Data provided
-- Opening Marker --

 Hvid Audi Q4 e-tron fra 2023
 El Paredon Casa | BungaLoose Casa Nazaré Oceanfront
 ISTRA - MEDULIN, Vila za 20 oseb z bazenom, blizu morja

-- Closing Marker --
-- Opening Marker --

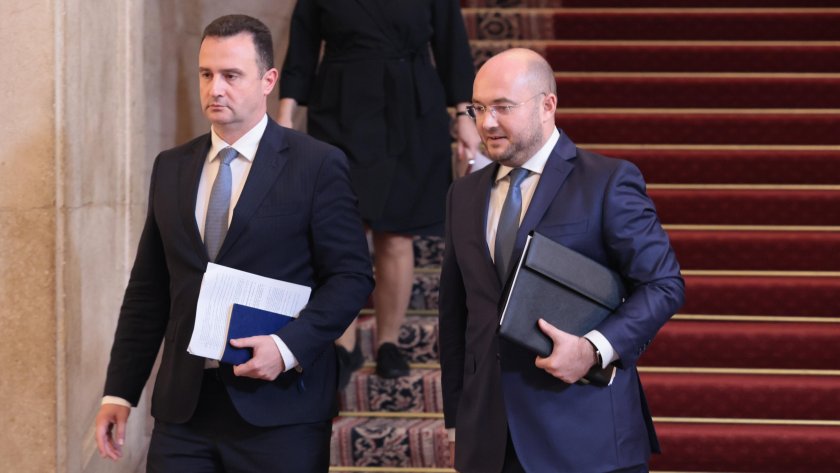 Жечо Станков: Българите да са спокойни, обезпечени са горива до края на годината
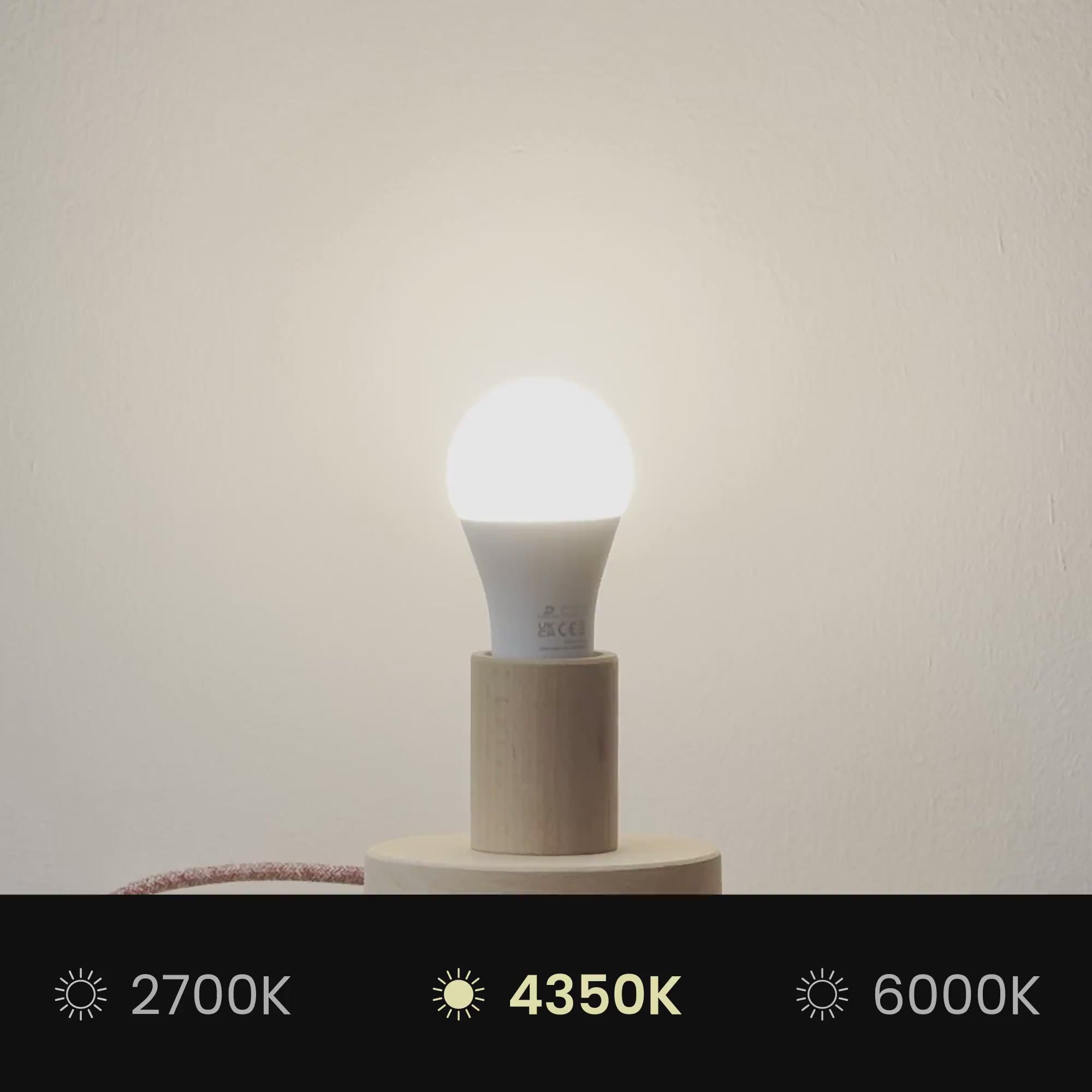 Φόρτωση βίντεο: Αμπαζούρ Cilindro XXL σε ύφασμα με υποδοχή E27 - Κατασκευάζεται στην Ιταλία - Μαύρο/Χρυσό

-- Closing Marker --
-- Opening Marker --

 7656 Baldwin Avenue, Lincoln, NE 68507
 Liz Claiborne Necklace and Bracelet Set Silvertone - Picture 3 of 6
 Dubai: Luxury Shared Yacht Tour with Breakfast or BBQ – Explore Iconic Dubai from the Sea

-- Closing Marker --

Exercise description
Retype exactly, and only, the lines above from the one where "El Paredon Casa" occurs up to and including the one where "ISTRA - MEDULIN, Vila" occurs.

Exercise output
 El Paredon Casa | BungaLoose Casa Nazaré Oceanfront
 ISTRA - MEDULIN, Vila za 20 oseb z bazenom, blizu morja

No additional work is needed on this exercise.